Linux 5.5 bringt endlich Basis-Support für den Raspberry Pi 4 (u. a. 1, 2, 3, 4, 5, 6, 7, 8, 9). Außerdem stieß auch ein Treiber für dessen Gigabit-Ethernet-Controller dazu.

Der Support für den Raspberry Pi 4 im Linux-Kernel ist noch lückenhaft.

(Bild: github.com – lategoodbye/rpi-zero/issues/43)

Das ist für Projekte wie Fedora und Debian wichtig, die mit einem oder sehr wenigen Kernel-Images möglichst viele verschiedene Systeme und Einsatzgebiete abdecken wollen – idealerweise ein Kernel-Image pro Architektur, und ohne den Linux-Quellcode dazu groß modifizieren zu müssen.

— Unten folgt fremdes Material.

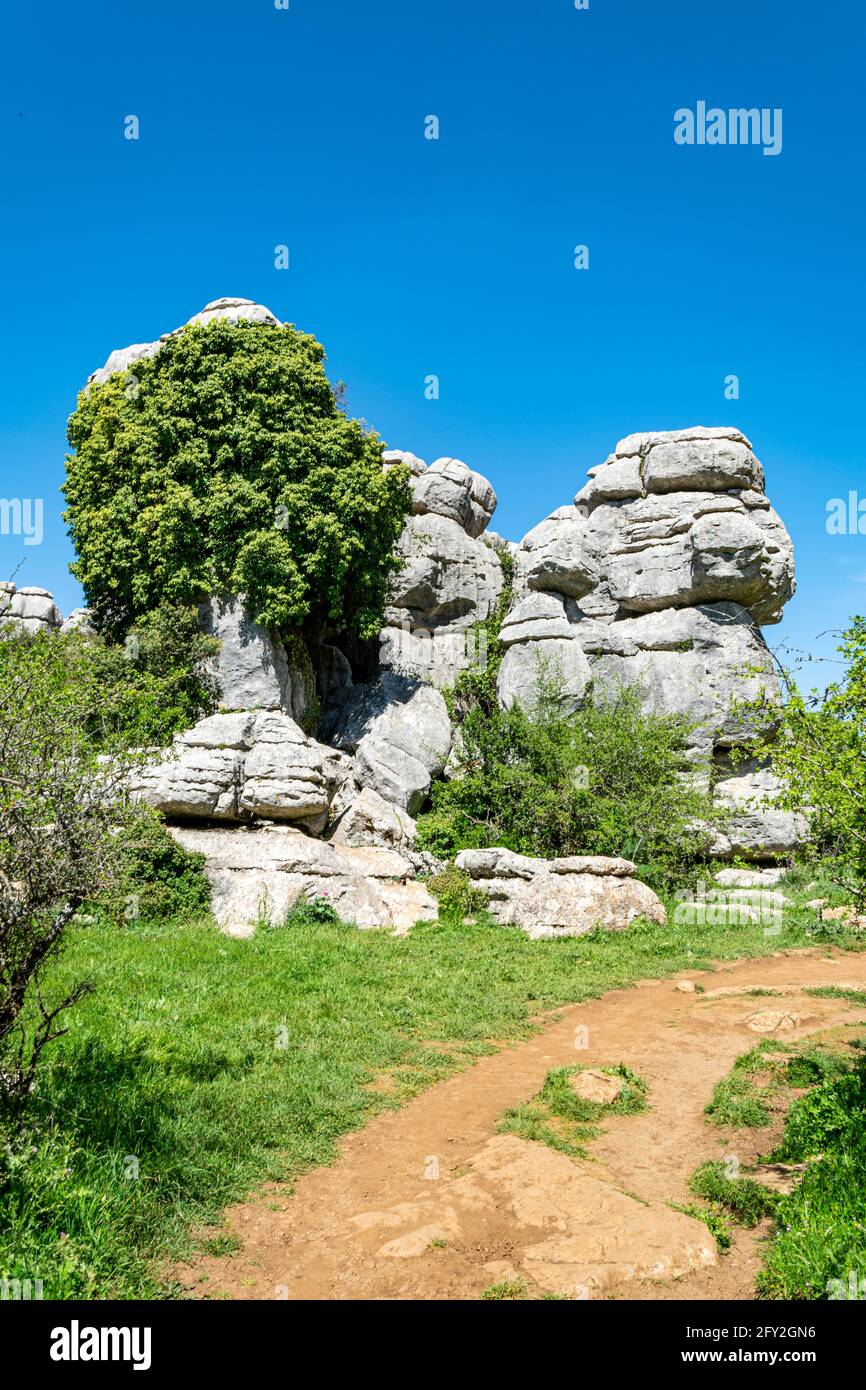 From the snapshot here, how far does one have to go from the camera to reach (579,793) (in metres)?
24.0

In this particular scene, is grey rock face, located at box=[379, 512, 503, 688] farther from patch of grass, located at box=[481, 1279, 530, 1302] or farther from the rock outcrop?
patch of grass, located at box=[481, 1279, 530, 1302]

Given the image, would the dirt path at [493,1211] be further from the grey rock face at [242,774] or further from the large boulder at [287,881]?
the grey rock face at [242,774]

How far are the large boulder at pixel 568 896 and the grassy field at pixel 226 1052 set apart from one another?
2.23ft

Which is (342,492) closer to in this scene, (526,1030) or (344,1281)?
(526,1030)

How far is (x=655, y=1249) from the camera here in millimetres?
5973

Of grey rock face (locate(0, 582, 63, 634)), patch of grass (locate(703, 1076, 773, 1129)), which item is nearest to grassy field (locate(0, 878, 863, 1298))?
patch of grass (locate(703, 1076, 773, 1129))

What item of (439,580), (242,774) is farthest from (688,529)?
(242,774)

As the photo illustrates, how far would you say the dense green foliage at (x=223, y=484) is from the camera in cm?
2791

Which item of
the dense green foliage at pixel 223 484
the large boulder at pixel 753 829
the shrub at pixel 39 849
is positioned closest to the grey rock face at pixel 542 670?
the large boulder at pixel 753 829

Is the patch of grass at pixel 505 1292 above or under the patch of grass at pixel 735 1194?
above

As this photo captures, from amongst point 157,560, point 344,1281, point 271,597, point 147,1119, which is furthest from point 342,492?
point 344,1281

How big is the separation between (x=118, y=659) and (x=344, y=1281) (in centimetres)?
2278

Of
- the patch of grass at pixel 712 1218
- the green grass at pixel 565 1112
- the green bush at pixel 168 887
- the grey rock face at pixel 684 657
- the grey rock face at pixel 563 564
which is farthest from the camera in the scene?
the grey rock face at pixel 563 564

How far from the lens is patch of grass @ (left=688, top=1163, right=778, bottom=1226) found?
21.9ft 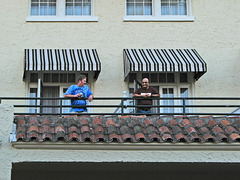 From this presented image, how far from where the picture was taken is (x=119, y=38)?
647 inches

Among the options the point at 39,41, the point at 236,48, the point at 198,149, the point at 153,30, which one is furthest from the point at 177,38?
the point at 198,149

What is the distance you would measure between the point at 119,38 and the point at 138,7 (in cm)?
121

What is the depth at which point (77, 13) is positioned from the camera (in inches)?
658

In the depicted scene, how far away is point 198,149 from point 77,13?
6492 mm

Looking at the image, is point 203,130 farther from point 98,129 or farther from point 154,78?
point 154,78

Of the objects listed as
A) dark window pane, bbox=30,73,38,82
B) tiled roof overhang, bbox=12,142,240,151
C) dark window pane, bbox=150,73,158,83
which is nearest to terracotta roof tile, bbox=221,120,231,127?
tiled roof overhang, bbox=12,142,240,151

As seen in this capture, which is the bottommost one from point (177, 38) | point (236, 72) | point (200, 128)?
point (200, 128)

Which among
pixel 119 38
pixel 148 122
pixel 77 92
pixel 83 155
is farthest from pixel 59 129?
pixel 119 38

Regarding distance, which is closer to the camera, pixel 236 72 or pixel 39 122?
pixel 39 122

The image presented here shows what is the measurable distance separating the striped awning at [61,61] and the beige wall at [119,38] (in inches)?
15.2

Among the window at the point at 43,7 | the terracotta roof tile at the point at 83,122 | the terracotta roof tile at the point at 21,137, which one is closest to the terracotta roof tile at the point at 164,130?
the terracotta roof tile at the point at 83,122

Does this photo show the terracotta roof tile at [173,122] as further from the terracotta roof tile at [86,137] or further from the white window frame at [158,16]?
the white window frame at [158,16] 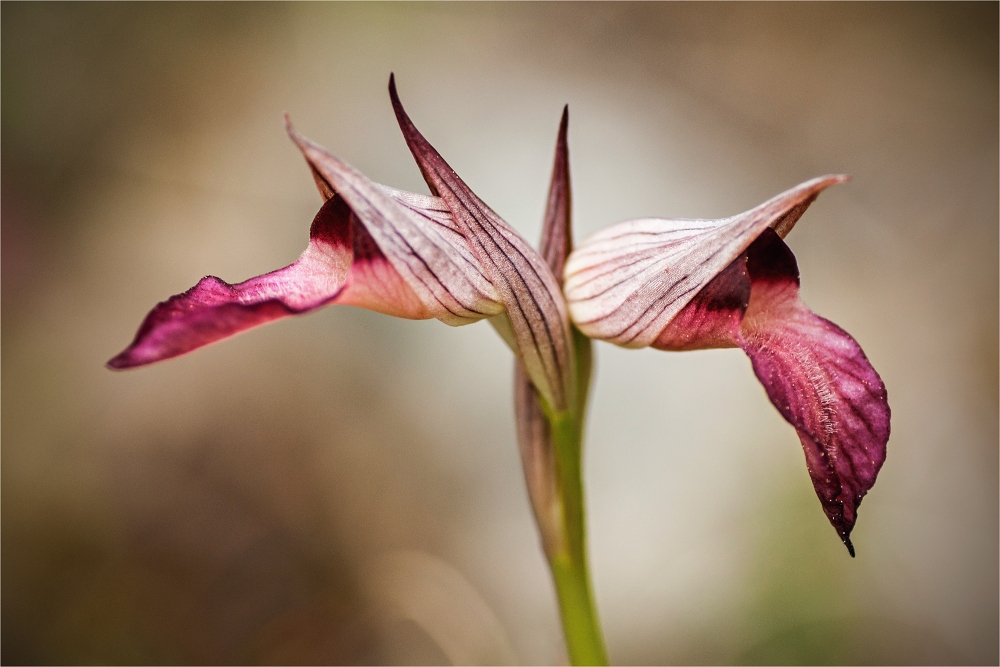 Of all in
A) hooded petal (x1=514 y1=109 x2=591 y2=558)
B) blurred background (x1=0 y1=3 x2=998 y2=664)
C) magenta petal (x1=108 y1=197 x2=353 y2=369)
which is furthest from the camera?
blurred background (x1=0 y1=3 x2=998 y2=664)

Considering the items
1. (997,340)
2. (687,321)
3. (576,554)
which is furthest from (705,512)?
(687,321)

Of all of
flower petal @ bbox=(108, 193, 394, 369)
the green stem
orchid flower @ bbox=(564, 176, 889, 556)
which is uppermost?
flower petal @ bbox=(108, 193, 394, 369)

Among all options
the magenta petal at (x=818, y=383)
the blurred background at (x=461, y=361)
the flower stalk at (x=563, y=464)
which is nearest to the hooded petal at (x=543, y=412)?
the flower stalk at (x=563, y=464)

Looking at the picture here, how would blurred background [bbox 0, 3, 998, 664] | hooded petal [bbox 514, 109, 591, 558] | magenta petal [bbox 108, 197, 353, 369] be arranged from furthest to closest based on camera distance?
blurred background [bbox 0, 3, 998, 664]
hooded petal [bbox 514, 109, 591, 558]
magenta petal [bbox 108, 197, 353, 369]

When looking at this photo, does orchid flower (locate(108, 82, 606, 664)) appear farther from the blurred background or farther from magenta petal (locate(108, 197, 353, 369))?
the blurred background

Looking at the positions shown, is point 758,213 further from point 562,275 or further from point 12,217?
point 12,217

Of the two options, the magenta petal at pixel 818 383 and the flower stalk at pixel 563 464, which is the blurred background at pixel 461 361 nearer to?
the flower stalk at pixel 563 464

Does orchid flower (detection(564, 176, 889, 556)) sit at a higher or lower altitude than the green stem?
higher

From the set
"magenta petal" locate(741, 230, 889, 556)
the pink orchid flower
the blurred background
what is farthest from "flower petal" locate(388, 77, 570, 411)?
the blurred background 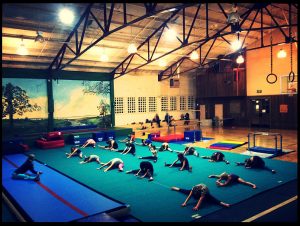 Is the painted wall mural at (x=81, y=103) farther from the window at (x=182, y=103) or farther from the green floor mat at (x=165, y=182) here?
the window at (x=182, y=103)

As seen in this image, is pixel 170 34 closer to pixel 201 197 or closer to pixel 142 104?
pixel 201 197

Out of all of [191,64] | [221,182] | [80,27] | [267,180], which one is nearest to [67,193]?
[221,182]

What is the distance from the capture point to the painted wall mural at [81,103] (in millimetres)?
16703

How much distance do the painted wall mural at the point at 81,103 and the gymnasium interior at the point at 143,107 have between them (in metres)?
0.07

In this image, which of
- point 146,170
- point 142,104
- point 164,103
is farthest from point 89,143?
point 164,103

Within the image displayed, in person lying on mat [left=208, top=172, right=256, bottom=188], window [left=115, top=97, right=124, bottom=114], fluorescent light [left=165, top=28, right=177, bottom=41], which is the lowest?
person lying on mat [left=208, top=172, right=256, bottom=188]

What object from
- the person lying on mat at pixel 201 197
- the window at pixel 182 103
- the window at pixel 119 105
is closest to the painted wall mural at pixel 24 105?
the window at pixel 119 105

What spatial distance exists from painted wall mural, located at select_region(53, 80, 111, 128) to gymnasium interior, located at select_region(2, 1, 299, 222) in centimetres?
7

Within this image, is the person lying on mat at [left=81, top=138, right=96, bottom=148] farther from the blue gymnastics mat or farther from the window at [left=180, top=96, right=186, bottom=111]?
the window at [left=180, top=96, right=186, bottom=111]

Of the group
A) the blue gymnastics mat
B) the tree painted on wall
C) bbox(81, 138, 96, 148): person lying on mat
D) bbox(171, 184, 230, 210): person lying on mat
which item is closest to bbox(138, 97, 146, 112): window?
bbox(81, 138, 96, 148): person lying on mat

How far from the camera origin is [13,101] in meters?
14.9

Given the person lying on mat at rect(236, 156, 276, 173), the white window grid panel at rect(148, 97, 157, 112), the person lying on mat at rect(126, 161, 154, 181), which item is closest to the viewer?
the person lying on mat at rect(126, 161, 154, 181)

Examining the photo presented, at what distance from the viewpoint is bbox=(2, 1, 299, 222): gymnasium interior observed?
19.1ft

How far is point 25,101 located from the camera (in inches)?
603
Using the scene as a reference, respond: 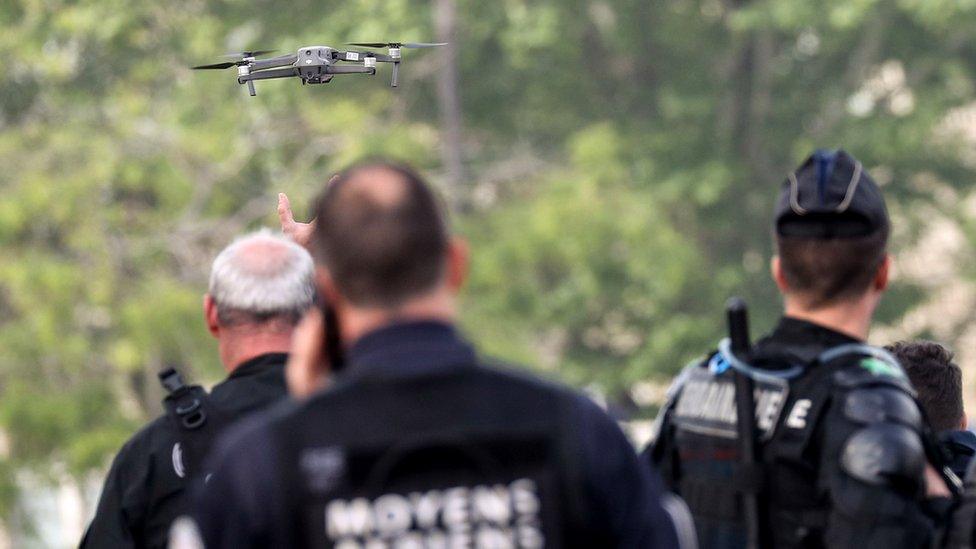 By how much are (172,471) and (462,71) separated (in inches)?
692

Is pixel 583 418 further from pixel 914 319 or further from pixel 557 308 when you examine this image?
pixel 914 319

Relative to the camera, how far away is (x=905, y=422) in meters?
3.21

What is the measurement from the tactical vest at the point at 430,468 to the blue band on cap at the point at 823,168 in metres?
1.16

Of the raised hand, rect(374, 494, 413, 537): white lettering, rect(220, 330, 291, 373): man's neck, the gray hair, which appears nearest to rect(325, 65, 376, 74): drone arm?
the raised hand

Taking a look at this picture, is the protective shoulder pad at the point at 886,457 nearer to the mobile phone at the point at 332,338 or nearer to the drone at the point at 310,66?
the mobile phone at the point at 332,338

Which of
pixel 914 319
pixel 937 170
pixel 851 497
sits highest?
pixel 851 497

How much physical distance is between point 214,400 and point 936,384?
1.84m

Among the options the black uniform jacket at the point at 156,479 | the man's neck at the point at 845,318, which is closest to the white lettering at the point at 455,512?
the man's neck at the point at 845,318

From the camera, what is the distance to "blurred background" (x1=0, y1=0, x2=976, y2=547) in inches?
702

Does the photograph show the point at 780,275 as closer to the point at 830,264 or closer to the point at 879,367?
the point at 830,264

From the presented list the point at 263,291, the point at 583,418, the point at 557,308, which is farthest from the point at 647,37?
the point at 583,418

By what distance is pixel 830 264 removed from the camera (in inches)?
135

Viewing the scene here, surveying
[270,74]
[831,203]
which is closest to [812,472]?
[831,203]

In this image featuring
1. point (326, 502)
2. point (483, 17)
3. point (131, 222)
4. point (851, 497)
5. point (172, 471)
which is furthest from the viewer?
point (483, 17) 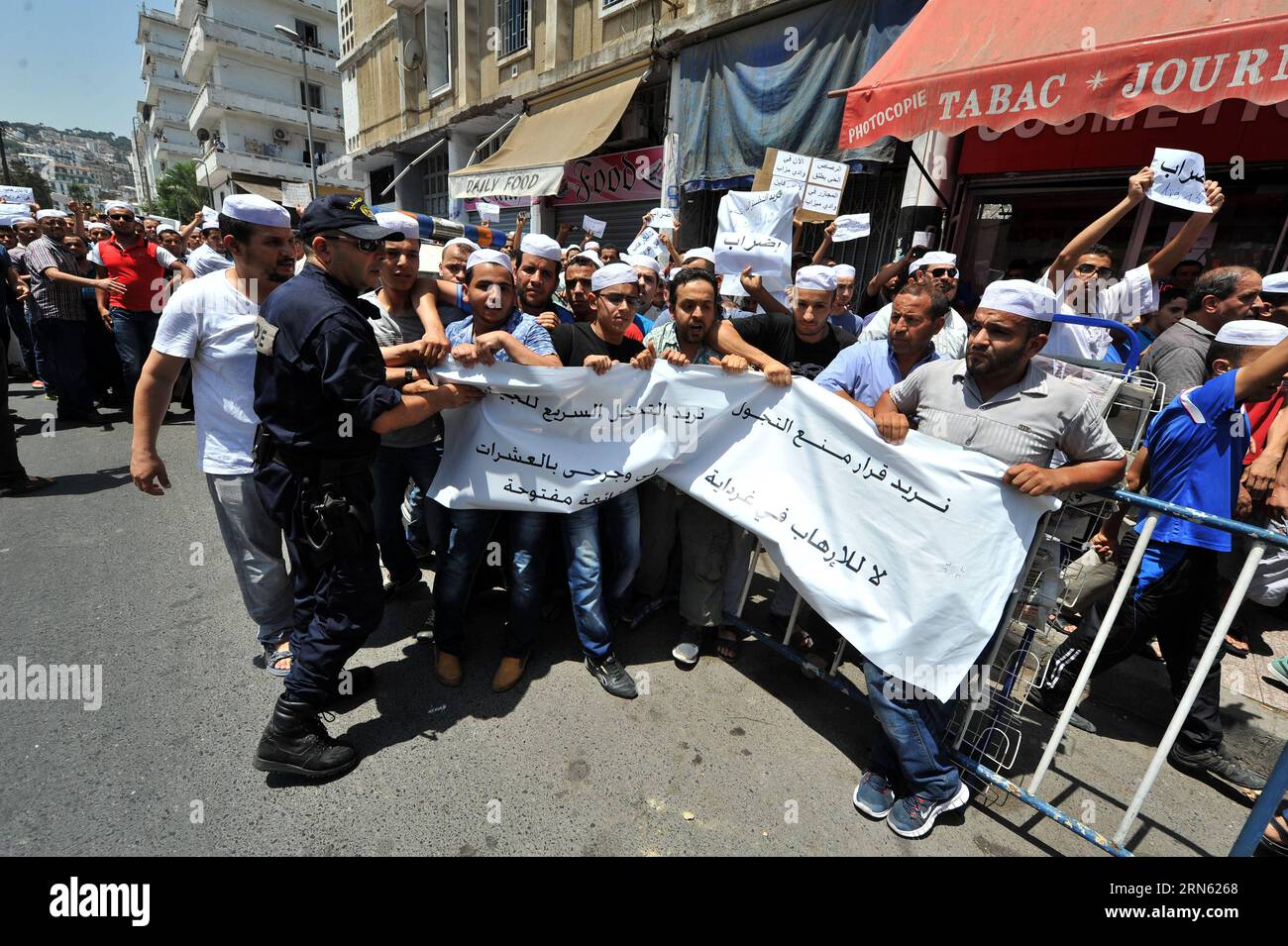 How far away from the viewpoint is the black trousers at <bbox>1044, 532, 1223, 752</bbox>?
2643mm

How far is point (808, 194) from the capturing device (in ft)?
18.6

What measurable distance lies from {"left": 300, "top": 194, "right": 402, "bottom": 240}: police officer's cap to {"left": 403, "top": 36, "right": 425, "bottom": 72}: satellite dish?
20.1 metres

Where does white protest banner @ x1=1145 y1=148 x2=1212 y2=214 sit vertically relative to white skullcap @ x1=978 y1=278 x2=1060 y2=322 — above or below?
above

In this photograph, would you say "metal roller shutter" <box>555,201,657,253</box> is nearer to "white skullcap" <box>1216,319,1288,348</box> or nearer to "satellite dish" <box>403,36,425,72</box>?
"satellite dish" <box>403,36,425,72</box>

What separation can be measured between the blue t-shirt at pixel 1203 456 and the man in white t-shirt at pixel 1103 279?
118cm

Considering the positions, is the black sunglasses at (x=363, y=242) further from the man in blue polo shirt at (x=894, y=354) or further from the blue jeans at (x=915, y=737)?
the blue jeans at (x=915, y=737)

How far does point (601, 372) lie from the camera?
9.58ft

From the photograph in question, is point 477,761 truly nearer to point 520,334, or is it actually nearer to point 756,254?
point 520,334

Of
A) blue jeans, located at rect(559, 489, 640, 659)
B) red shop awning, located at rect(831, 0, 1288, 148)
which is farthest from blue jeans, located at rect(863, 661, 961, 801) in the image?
red shop awning, located at rect(831, 0, 1288, 148)

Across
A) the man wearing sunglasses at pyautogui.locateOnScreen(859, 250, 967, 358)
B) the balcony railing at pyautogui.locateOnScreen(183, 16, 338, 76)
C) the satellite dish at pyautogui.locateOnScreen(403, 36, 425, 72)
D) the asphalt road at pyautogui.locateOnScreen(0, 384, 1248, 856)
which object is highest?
the balcony railing at pyautogui.locateOnScreen(183, 16, 338, 76)

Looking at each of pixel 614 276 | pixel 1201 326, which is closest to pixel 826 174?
pixel 1201 326

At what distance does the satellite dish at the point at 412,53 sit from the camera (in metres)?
18.0

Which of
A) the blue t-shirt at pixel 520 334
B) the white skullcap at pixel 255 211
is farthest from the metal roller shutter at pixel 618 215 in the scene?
the white skullcap at pixel 255 211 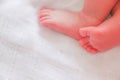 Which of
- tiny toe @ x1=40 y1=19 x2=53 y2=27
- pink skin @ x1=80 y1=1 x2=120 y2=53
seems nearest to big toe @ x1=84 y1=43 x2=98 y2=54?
pink skin @ x1=80 y1=1 x2=120 y2=53

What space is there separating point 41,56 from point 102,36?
221 mm

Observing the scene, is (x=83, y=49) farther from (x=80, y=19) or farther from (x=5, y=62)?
(x=5, y=62)

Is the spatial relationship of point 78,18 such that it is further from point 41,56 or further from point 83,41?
point 41,56

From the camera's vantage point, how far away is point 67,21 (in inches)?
35.6

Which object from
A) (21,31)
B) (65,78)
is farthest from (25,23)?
(65,78)

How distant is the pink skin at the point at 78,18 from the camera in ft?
2.88

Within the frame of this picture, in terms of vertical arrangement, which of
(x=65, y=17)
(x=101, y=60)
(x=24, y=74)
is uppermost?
(x=65, y=17)

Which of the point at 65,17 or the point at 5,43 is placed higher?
the point at 65,17

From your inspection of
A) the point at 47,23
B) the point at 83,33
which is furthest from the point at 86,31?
the point at 47,23

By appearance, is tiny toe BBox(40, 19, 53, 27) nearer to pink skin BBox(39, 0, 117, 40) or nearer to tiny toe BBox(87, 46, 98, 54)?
pink skin BBox(39, 0, 117, 40)

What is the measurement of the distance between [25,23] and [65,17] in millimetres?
149

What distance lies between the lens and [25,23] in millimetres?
913

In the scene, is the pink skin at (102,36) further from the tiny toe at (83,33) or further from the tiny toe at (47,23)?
the tiny toe at (47,23)

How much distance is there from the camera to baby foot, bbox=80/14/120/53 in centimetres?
82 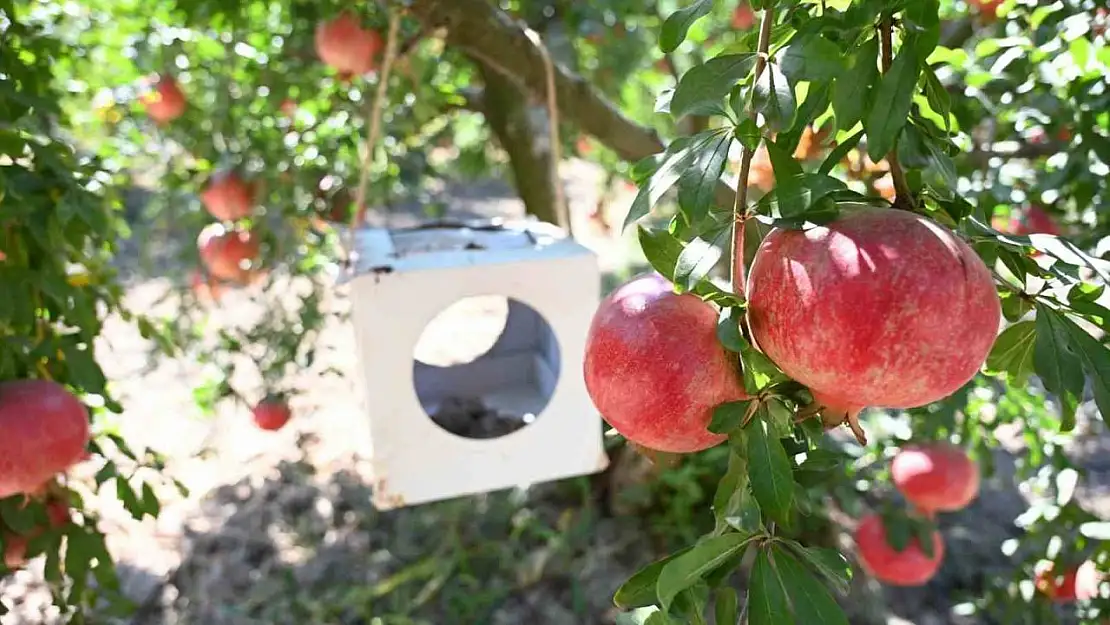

Ein Treiber für den PCIe-Controller des populären Kleincomputers kam indes zu spät für 5.5, daher ist auch der darüber angebundene USB-Controller vorerst unerreichbar. Das ist einer von mehreren Gründen, warum der offizielle Kernel den neuesten Raspi vorerst deutlich schlechter unterstützt als der heftig modifizierte Linux-Kernel der Raspberry-Pi-Foundation, den Distributionen wie Raspbian mitliefern. Viele der dort vorgenommenen Modifikationen können aber nicht auf die Schnelle in den offiziellen Linux-Kernel umziehen, weil der Code den Qualitätsansprüchen der Kernel.org-Entwickler nicht gerecht wird – vielfach nicht einmal ansatzweise.